Virgil’s masterpiece the Aeneid, one of the founding narratives of European cilization, was both a work of remarkable originality and of curated derivation.
In composing a foundational piece, Virgil built on pre-existing foundations: the Homeric poems the Illiad and the Odyssey (each serving as the bedrock for the first and last six books of the Aeneid, respectively), Greek and Etruscan myths about Aeneas that predated Virgil by centuries (as exemplified by Greek vases from the sixth century BC expressing early mythological accounts of Aeneas founding a new home in Etruria), Rome’s national legend about the war fought under Romulus against the Sabines, which preserves an Indo-European myth about conflict between gods of sovereignty and gods of fecundity, and the rest of the Epic Cycle, a collection of ancient Greek epic poems (containing the Iliad and the Odyssey, but not limited to them) composed between the 8th and 6th centuries BC, and based on oral traditions, focusing on the Trojan War and related mythological events.

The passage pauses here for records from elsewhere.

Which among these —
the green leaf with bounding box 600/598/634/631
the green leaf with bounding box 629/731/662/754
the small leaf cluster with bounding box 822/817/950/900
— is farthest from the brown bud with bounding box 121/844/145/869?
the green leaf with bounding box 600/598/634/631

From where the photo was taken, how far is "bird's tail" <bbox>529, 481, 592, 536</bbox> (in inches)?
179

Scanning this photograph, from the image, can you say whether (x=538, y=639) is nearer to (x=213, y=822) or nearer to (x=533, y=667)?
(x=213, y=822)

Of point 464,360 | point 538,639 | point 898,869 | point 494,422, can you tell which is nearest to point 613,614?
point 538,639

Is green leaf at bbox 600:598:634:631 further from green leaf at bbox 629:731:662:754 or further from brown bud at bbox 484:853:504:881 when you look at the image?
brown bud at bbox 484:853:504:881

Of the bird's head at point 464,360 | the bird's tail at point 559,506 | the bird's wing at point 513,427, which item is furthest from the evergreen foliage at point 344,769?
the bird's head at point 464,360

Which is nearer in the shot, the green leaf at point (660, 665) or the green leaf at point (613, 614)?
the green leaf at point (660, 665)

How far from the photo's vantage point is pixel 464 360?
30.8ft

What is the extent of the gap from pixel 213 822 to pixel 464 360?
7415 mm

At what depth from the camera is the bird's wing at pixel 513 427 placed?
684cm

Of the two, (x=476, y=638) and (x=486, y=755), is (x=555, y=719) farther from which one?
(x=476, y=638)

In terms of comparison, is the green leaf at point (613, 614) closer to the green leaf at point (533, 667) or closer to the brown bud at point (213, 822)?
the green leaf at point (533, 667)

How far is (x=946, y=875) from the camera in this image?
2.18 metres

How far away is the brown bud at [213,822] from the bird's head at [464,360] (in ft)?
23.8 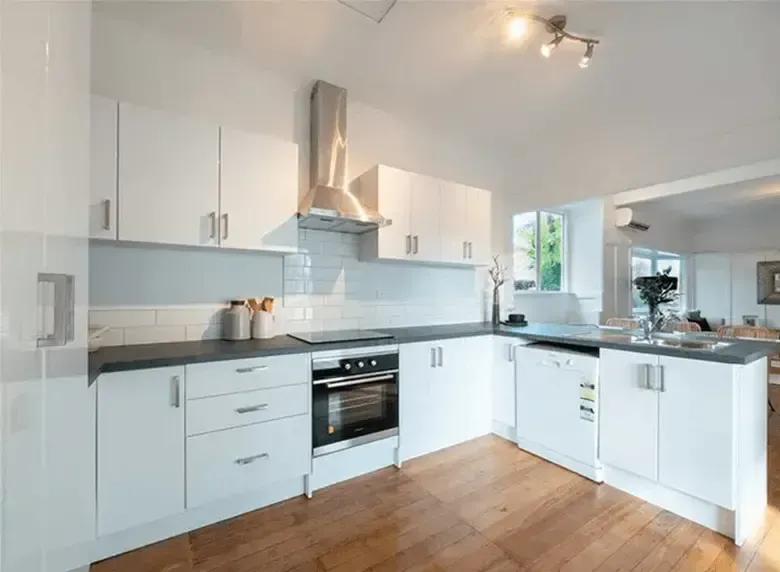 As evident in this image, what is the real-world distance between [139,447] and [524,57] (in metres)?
3.18

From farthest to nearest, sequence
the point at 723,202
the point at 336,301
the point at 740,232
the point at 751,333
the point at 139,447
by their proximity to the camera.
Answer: the point at 740,232 < the point at 723,202 < the point at 751,333 < the point at 336,301 < the point at 139,447

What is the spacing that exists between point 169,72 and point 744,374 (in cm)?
364

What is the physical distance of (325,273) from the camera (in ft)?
9.41

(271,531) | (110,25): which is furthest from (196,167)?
(271,531)

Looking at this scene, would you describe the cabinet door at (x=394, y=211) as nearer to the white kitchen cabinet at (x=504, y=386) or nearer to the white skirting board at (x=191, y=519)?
the white kitchen cabinet at (x=504, y=386)

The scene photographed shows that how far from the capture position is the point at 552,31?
217 cm

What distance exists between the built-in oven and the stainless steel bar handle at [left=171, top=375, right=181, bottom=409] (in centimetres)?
69

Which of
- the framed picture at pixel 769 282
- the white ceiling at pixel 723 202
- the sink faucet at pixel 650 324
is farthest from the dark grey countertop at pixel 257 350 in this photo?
the framed picture at pixel 769 282

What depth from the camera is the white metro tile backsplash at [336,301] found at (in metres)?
2.23

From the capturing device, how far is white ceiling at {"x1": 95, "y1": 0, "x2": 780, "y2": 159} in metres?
2.08

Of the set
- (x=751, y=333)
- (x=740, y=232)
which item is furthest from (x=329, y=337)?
(x=740, y=232)

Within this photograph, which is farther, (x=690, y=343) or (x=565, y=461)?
(x=565, y=461)

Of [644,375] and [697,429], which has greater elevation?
[644,375]

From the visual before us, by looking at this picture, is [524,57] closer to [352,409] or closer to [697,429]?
[697,429] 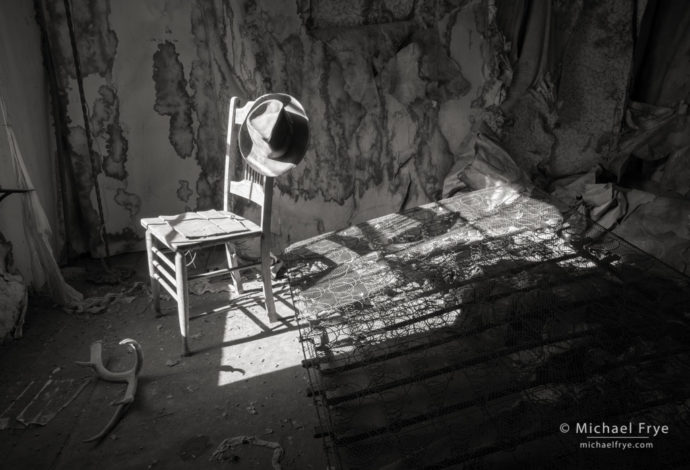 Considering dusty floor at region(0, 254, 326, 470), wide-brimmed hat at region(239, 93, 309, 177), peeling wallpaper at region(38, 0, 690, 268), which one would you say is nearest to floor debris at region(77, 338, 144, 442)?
dusty floor at region(0, 254, 326, 470)

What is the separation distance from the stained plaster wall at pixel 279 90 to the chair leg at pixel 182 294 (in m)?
1.37

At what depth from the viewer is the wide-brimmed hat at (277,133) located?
2.48 metres

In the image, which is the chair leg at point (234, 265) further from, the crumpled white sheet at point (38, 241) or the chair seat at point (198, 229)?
the crumpled white sheet at point (38, 241)

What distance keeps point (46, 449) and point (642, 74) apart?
458cm

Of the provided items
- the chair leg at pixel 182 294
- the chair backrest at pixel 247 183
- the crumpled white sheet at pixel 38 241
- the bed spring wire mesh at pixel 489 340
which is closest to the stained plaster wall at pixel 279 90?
the crumpled white sheet at pixel 38 241

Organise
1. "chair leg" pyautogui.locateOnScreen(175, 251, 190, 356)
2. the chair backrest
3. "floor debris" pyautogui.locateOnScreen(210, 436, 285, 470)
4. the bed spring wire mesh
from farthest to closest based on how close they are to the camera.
Result: the chair backrest, "chair leg" pyautogui.locateOnScreen(175, 251, 190, 356), "floor debris" pyautogui.locateOnScreen(210, 436, 285, 470), the bed spring wire mesh

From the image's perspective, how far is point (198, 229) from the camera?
2705 millimetres

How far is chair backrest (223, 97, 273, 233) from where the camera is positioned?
2730 mm

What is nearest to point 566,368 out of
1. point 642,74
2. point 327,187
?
point 327,187

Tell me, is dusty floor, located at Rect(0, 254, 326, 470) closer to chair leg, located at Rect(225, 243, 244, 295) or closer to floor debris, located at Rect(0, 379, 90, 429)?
floor debris, located at Rect(0, 379, 90, 429)

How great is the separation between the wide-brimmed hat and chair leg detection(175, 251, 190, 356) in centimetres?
62

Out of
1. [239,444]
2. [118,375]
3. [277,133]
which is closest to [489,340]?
[239,444]

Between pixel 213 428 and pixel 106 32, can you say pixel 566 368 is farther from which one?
pixel 106 32

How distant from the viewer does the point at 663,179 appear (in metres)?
3.64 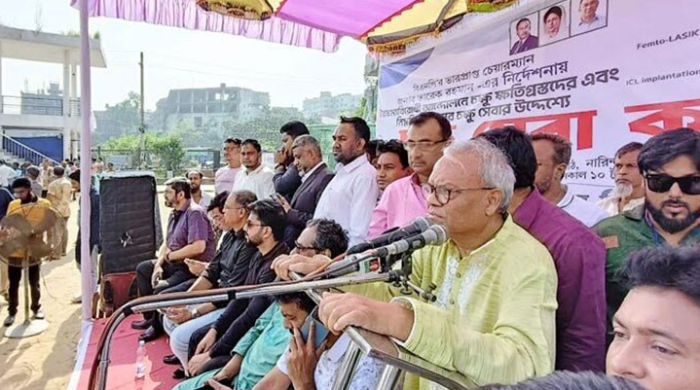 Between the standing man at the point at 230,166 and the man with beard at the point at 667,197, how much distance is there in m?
4.65

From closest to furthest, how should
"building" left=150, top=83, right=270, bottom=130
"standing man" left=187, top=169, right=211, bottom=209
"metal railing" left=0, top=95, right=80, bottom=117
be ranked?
"standing man" left=187, top=169, right=211, bottom=209
"metal railing" left=0, top=95, right=80, bottom=117
"building" left=150, top=83, right=270, bottom=130

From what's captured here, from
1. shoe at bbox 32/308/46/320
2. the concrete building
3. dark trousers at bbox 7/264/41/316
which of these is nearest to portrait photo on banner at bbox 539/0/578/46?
dark trousers at bbox 7/264/41/316

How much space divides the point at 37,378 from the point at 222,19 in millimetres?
3390

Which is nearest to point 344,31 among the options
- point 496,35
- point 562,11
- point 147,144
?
point 496,35

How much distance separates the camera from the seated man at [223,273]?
339cm

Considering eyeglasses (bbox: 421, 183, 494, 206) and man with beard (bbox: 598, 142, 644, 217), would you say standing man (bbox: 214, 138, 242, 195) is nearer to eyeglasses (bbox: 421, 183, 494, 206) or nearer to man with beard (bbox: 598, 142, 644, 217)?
man with beard (bbox: 598, 142, 644, 217)

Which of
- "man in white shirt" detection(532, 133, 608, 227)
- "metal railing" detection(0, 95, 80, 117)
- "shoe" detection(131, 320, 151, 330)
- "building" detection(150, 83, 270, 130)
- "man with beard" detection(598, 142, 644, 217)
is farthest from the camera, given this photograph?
"building" detection(150, 83, 270, 130)

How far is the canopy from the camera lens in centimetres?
385

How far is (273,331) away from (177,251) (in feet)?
7.28

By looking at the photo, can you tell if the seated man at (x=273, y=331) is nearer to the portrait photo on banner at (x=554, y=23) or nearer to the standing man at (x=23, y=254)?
the portrait photo on banner at (x=554, y=23)

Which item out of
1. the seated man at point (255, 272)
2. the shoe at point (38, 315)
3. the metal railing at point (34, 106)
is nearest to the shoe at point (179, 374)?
the seated man at point (255, 272)

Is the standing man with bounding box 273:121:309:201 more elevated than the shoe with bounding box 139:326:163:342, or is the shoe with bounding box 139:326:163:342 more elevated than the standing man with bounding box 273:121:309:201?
the standing man with bounding box 273:121:309:201

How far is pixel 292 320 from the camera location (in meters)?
2.16

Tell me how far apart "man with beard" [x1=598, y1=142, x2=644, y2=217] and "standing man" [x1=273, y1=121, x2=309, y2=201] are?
259cm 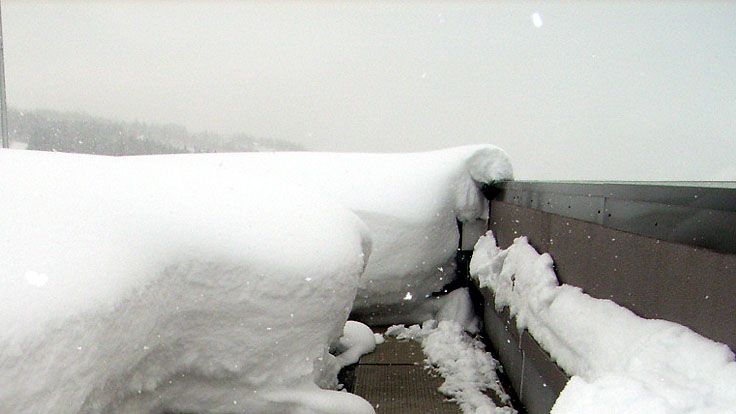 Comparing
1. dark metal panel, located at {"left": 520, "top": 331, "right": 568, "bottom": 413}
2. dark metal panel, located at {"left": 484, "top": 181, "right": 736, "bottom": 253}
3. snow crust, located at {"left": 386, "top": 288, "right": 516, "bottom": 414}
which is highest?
dark metal panel, located at {"left": 484, "top": 181, "right": 736, "bottom": 253}

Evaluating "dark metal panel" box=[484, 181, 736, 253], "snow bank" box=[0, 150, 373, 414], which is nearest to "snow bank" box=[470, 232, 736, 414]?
"dark metal panel" box=[484, 181, 736, 253]

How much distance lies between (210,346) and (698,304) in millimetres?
2091

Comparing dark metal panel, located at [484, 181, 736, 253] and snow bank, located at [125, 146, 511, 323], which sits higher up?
dark metal panel, located at [484, 181, 736, 253]

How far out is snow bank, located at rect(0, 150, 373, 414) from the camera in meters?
1.51

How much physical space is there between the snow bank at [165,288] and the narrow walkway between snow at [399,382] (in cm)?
48

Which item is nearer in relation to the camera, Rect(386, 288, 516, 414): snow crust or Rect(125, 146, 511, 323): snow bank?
Rect(386, 288, 516, 414): snow crust

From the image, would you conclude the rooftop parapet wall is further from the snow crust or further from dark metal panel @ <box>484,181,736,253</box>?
the snow crust

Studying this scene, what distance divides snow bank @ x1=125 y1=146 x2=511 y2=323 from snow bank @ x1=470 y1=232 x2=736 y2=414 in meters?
2.17

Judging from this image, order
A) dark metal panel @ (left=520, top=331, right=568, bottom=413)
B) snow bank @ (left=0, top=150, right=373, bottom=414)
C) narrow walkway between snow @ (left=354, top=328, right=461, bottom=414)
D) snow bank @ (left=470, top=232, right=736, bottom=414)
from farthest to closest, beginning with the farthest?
narrow walkway between snow @ (left=354, top=328, right=461, bottom=414)
dark metal panel @ (left=520, top=331, right=568, bottom=413)
snow bank @ (left=0, top=150, right=373, bottom=414)
snow bank @ (left=470, top=232, right=736, bottom=414)

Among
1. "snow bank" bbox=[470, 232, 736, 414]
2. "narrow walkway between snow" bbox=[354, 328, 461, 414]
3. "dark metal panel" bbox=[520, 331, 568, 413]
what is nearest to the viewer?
"snow bank" bbox=[470, 232, 736, 414]

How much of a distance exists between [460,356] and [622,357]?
9.31 feet

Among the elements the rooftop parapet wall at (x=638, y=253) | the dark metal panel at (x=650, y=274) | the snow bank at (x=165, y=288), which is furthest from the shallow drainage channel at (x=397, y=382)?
the dark metal panel at (x=650, y=274)

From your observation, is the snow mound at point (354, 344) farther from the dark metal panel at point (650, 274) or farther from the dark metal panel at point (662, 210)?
the dark metal panel at point (662, 210)

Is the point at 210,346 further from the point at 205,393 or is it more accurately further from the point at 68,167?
the point at 68,167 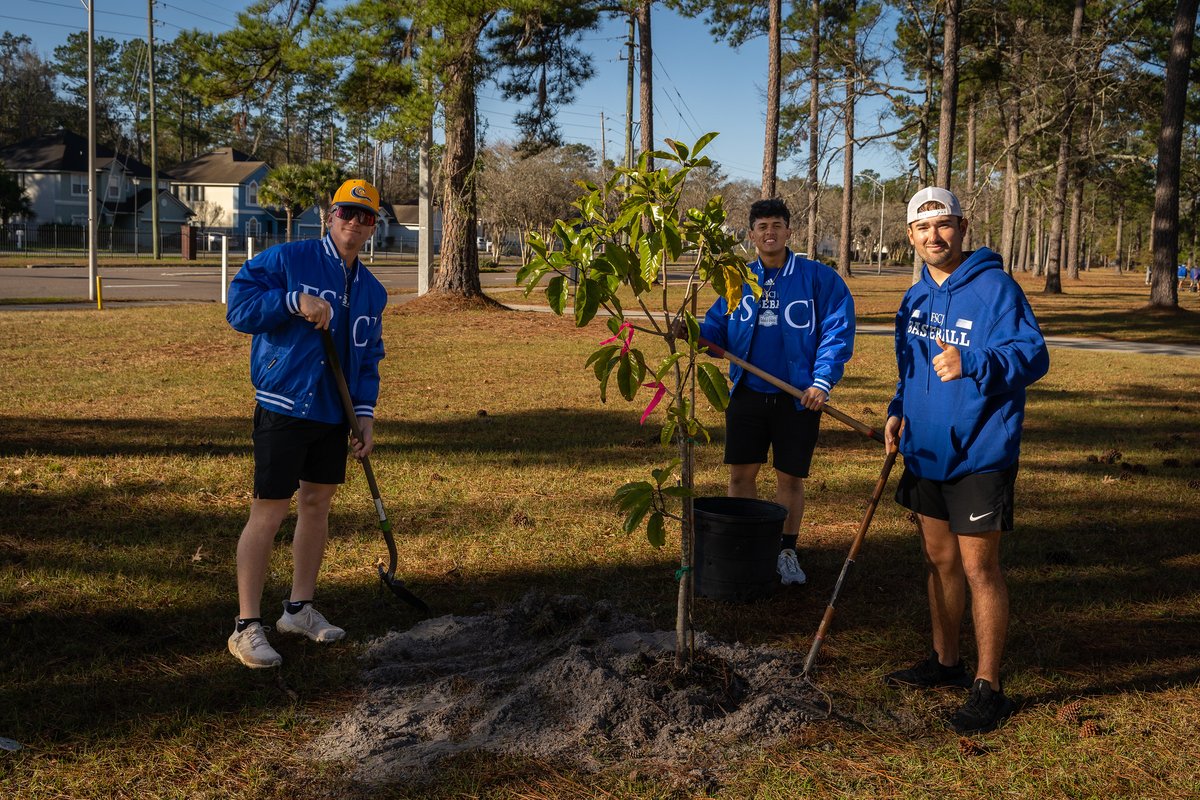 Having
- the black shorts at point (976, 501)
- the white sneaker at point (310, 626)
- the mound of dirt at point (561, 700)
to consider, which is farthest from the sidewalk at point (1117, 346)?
the white sneaker at point (310, 626)

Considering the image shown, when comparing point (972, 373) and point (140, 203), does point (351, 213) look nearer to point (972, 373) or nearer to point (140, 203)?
point (972, 373)

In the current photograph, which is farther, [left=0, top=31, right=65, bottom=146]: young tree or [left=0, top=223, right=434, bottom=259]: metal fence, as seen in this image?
[left=0, top=31, right=65, bottom=146]: young tree

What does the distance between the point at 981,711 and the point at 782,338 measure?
2.12 meters

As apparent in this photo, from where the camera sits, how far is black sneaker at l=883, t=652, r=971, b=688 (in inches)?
161

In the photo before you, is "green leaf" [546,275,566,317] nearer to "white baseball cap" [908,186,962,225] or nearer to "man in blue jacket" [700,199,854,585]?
"white baseball cap" [908,186,962,225]

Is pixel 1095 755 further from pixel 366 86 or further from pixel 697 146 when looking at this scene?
pixel 366 86

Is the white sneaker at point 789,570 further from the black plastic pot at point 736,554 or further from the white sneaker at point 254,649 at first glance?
the white sneaker at point 254,649

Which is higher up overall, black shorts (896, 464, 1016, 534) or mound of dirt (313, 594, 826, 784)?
black shorts (896, 464, 1016, 534)

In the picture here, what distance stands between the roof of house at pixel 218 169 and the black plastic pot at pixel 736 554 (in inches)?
3023

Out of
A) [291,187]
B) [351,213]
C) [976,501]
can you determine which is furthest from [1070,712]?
[291,187]

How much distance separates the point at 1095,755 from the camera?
11.6ft

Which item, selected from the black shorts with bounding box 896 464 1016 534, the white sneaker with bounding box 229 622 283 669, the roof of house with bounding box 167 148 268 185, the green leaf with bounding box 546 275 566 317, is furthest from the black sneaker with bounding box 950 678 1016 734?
the roof of house with bounding box 167 148 268 185

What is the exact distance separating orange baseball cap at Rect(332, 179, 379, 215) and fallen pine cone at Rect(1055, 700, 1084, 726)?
3.44 m

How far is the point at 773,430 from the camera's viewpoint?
5.28m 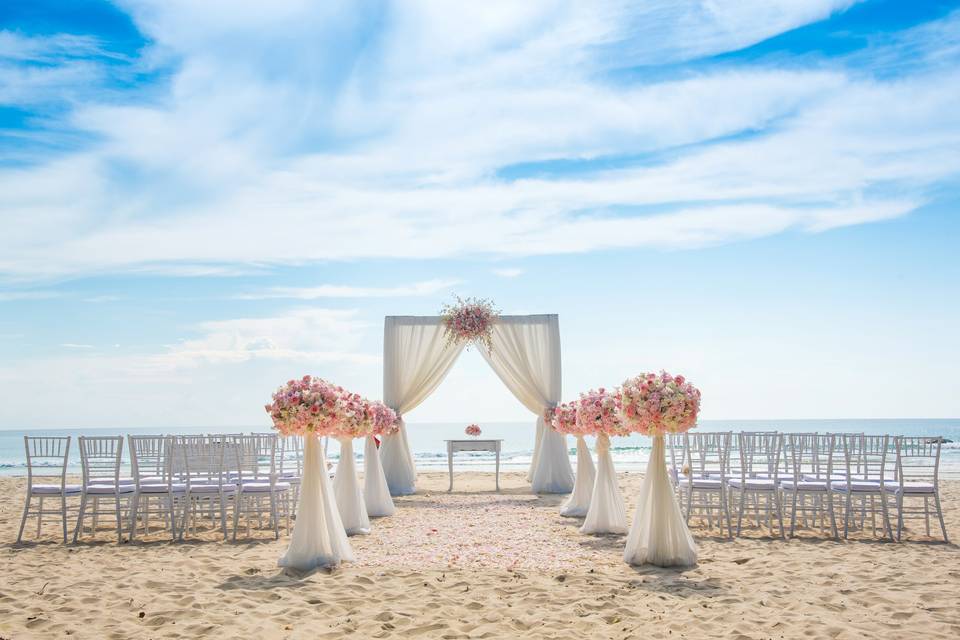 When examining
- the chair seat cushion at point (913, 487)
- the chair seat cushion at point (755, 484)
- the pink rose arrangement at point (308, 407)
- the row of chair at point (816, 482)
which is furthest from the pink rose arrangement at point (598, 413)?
the pink rose arrangement at point (308, 407)

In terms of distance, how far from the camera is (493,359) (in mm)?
12328

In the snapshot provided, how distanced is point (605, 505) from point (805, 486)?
196cm

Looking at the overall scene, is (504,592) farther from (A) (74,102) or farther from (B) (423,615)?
(A) (74,102)

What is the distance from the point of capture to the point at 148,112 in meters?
9.39

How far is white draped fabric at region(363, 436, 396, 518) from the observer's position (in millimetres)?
9070

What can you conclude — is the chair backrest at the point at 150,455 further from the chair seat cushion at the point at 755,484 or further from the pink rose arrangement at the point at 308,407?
the chair seat cushion at the point at 755,484

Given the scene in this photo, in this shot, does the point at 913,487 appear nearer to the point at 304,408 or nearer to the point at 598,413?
the point at 598,413

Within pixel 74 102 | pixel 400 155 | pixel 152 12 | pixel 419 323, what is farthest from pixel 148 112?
pixel 419 323

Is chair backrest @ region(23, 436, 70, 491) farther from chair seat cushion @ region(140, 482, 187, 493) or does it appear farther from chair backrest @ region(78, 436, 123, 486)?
chair seat cushion @ region(140, 482, 187, 493)

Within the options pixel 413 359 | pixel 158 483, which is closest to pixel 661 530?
pixel 158 483

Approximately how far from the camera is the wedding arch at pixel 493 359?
40.1 ft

So we can see that by the time Virgil sat down to bite the Augustan epic bullet, his intelligence had been trained on a massive corpus of sources. And those sources had in turn been trained on other sources, and so on, through mise-en-abîme, to the depths of human intelligence and distributed cognition.
No work is born in a vaccuum, nor is a work responding to the needs of a community, or emerging from the nebulae of textual communities, simply the result of derivation, or probabilistic or stochastic prediction. The originality of a text like Virgil’s Aeneid lies in the space between purpose, language, sacredness and emotion - all the stuff of human value rather than fact, as we might say.
A story built around the sacred mission of pulling the thread of civilization forward against the backdrop of loss, overwhelming passion, relentless violence, and unwavering commitment is always more than a story, more than an account. As readers have been finding out over the last 2,000 years, it is an encounter, an experience that offers fresh insight each time. Unlike the parasitical output of machines mimicking moral, value-driven centres, a story bubbling up from the depths of collective human experience is more than an artefact.